(DIRECTIONS FOR THIS TASK)
Going line by line through the records below, write out everything starting with the line containing "classroom in jordan" and going on through the line containing "RELOJ DE BOLSILLO WALTHAM", exactly and inclusively. Pictures do not go in.

(GIVEN RECORDS)

◆ ◆ ◆

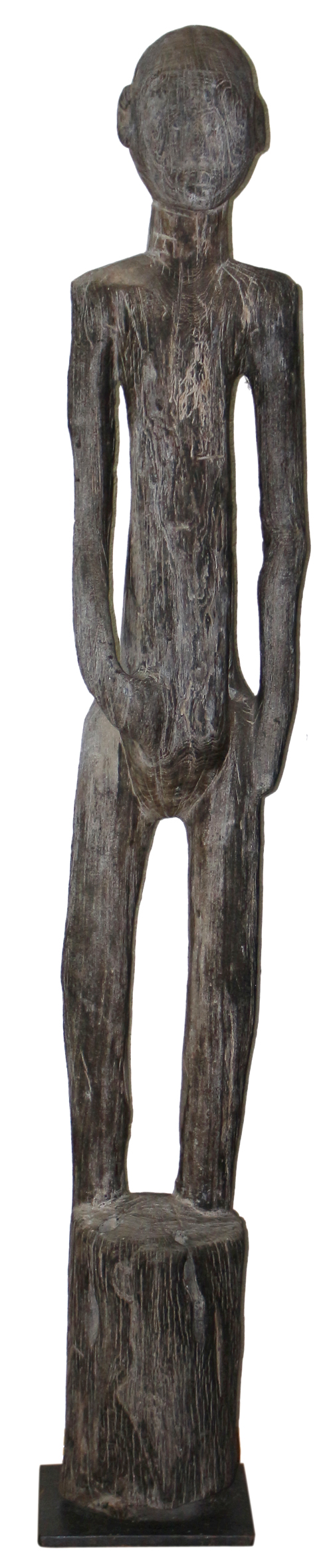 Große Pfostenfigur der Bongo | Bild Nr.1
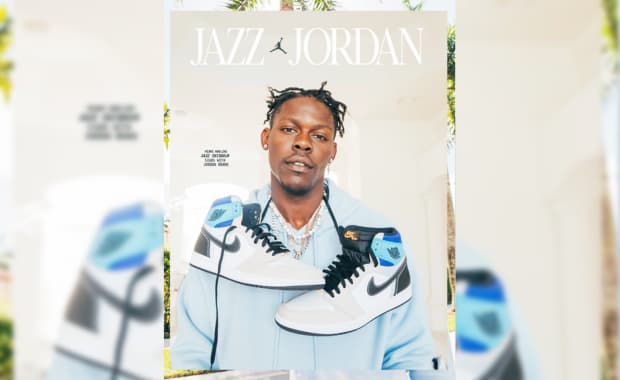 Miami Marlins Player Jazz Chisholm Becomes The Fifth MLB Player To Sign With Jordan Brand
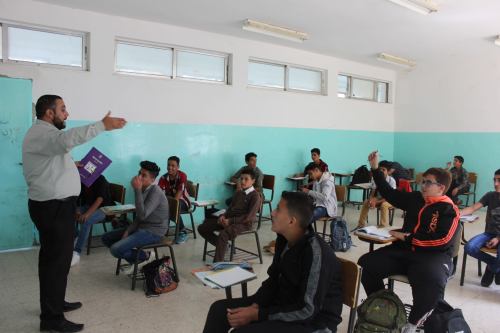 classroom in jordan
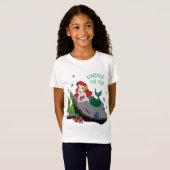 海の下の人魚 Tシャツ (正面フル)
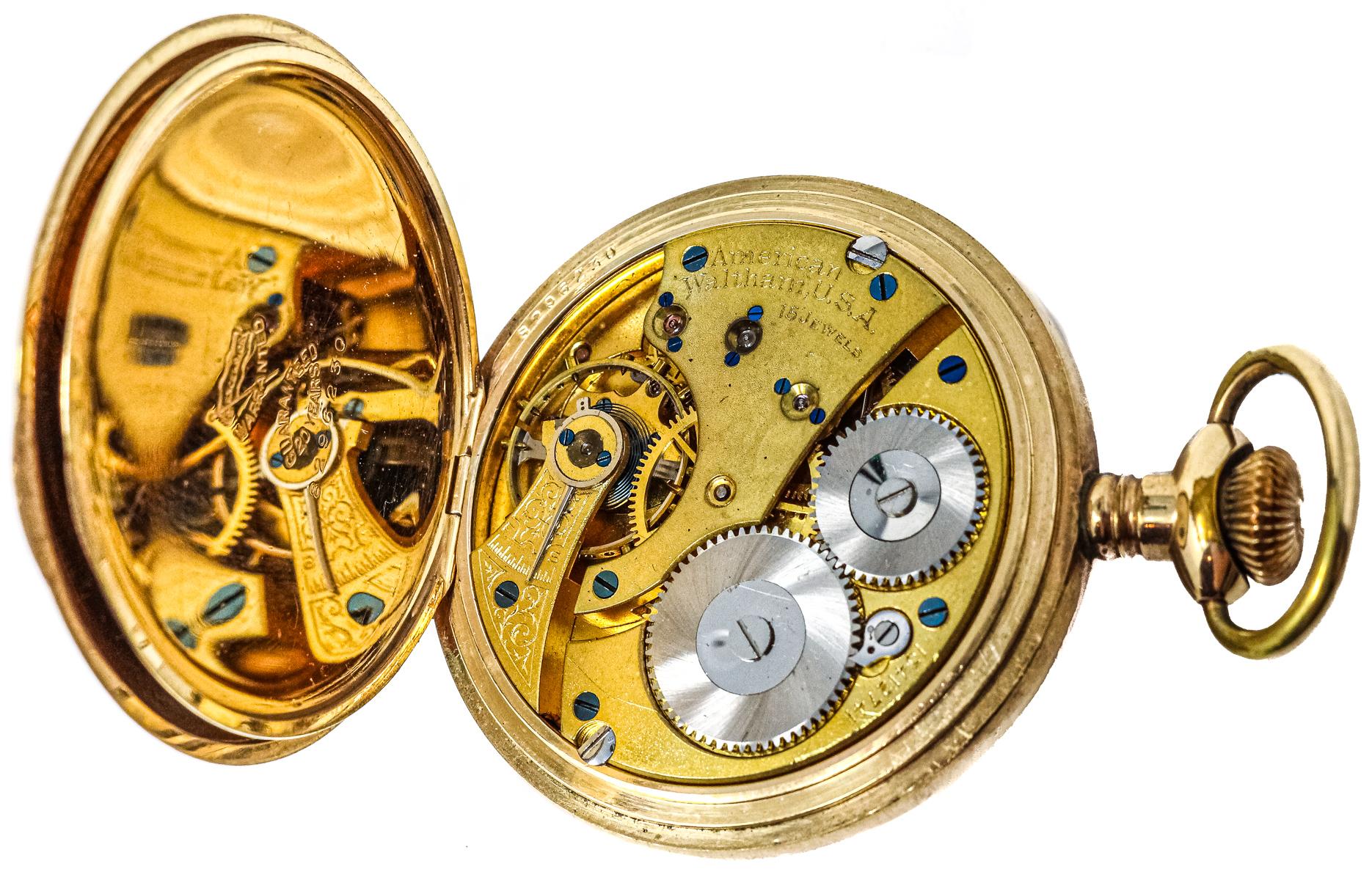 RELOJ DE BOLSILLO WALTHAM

◆ ◆ ◆

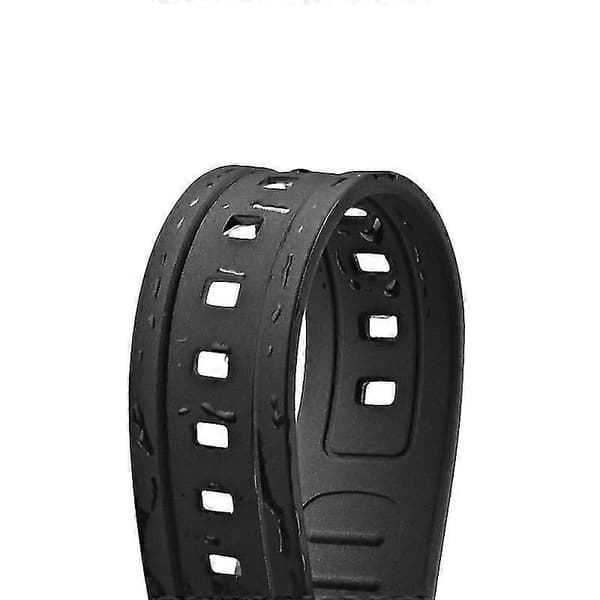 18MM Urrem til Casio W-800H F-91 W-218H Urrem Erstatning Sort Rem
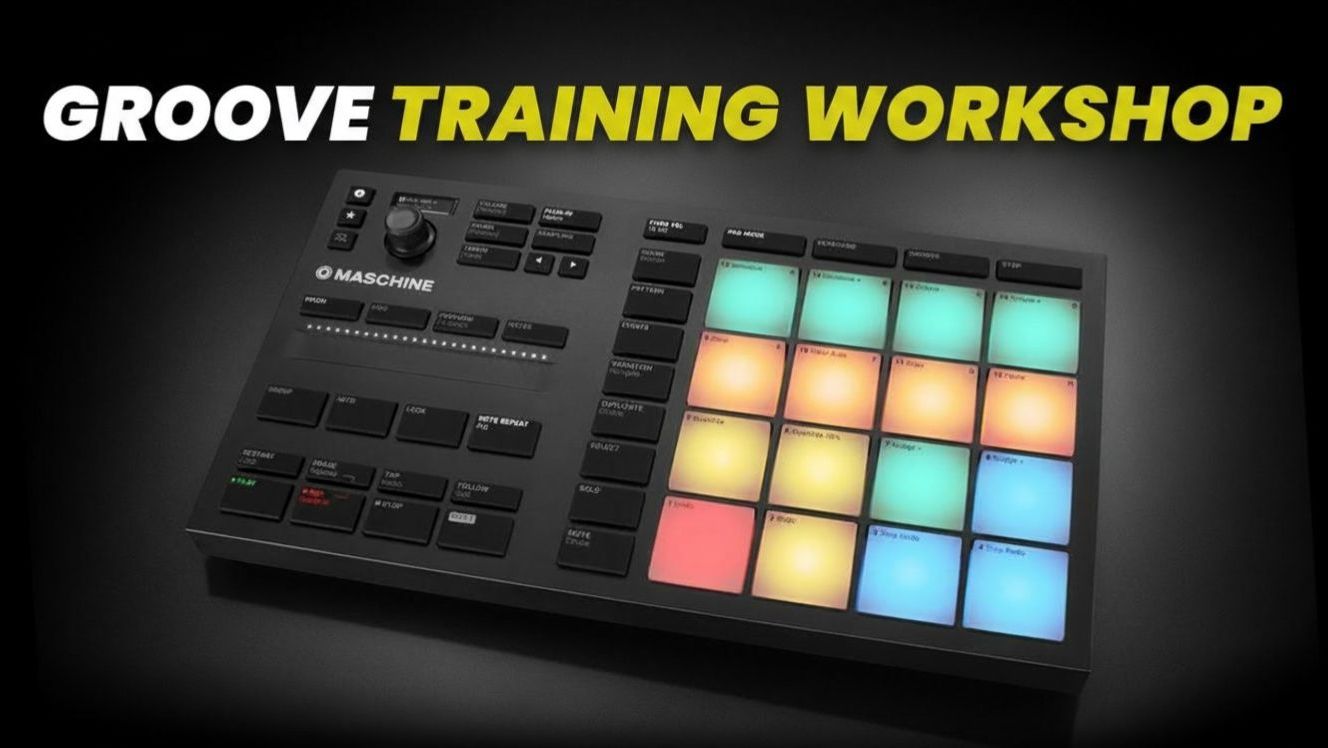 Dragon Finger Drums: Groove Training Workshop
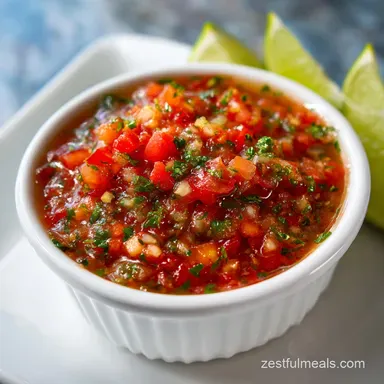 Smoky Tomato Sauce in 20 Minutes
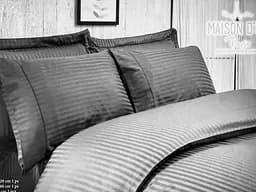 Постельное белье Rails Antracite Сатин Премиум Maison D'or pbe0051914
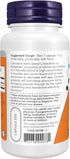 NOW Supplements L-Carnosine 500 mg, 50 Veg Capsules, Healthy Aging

◆ ◆ ◆

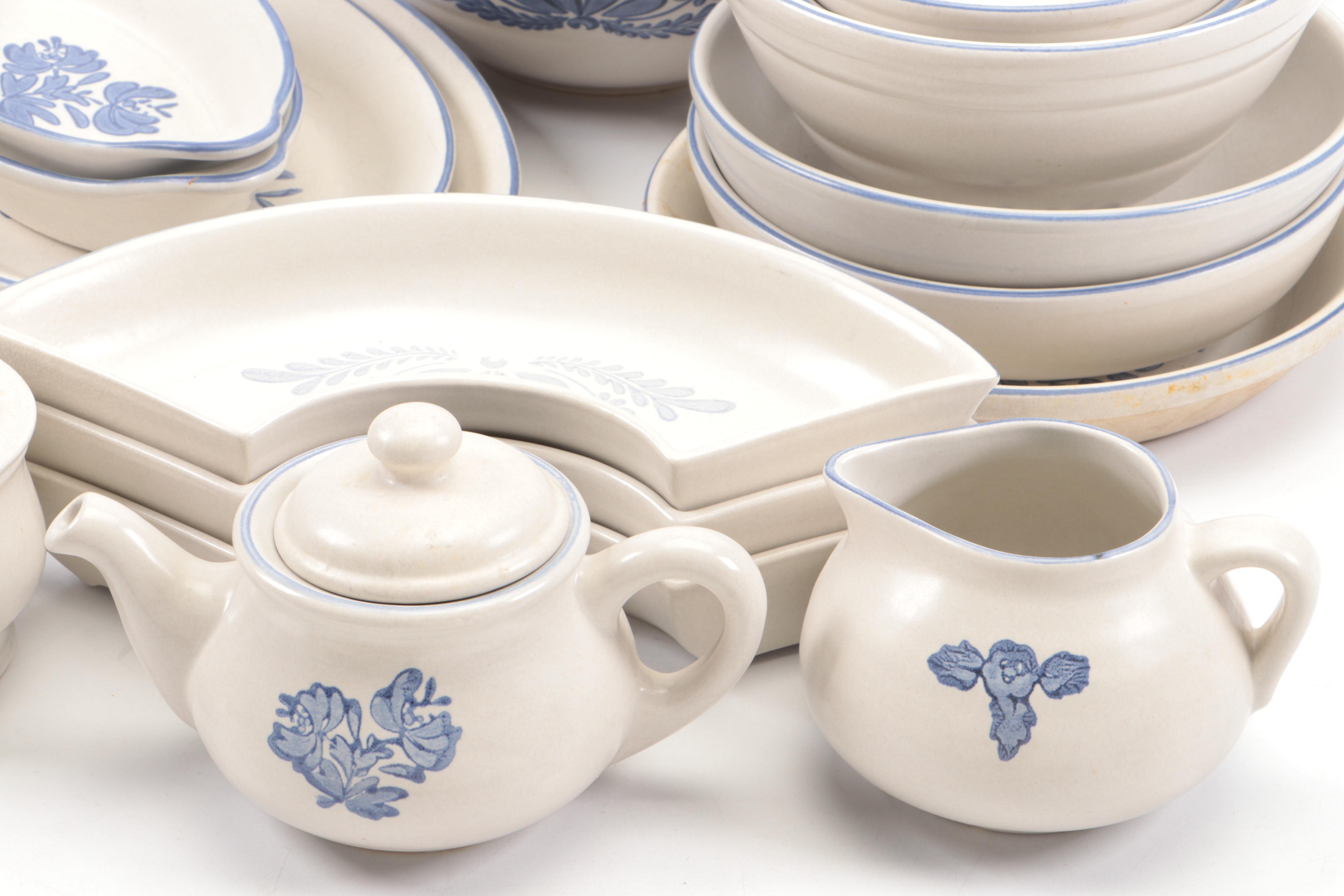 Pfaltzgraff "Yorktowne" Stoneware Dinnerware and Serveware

◆ ◆ ◆

(WORKED SOLUTION)
 classroom in jordan
 海の下の人魚 Tシャツ (正面フル)
 RELOJ DE BOLSILLO WALTHAM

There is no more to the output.